WHAT YOU NEED TO DO:
Please repeat only the lines below starting at the line that holds "RazoRock Cremă de ras American Barber 150 ml" and ending at the line that holds "Beach Club Port", exactly, with both of those lines included and every picture omitted.

MATERIAL PROVIDED:
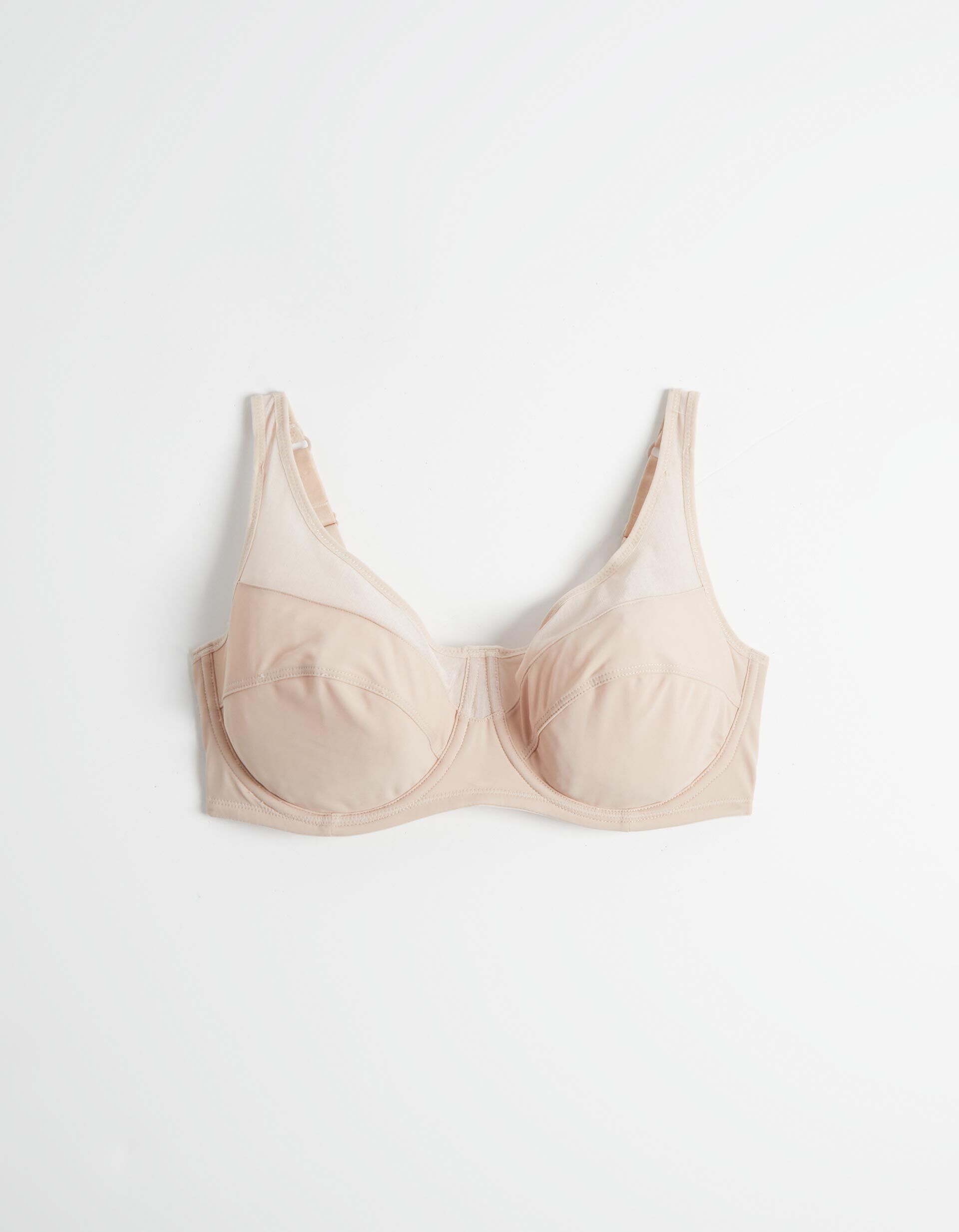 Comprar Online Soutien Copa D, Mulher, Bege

...

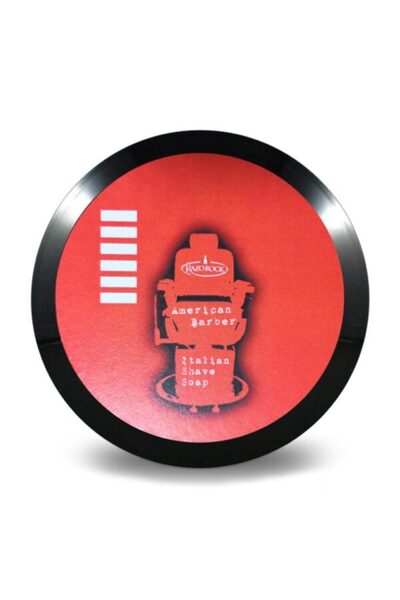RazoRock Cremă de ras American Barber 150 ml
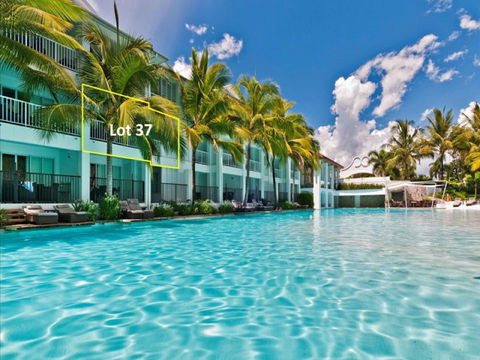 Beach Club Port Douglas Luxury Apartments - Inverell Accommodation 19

EXERCISE RESULT:
RazoRock Cremă de ras American Barber 150 ml
 Beach Club Port Douglas Luxury Apartments - Inverell Accommodation 19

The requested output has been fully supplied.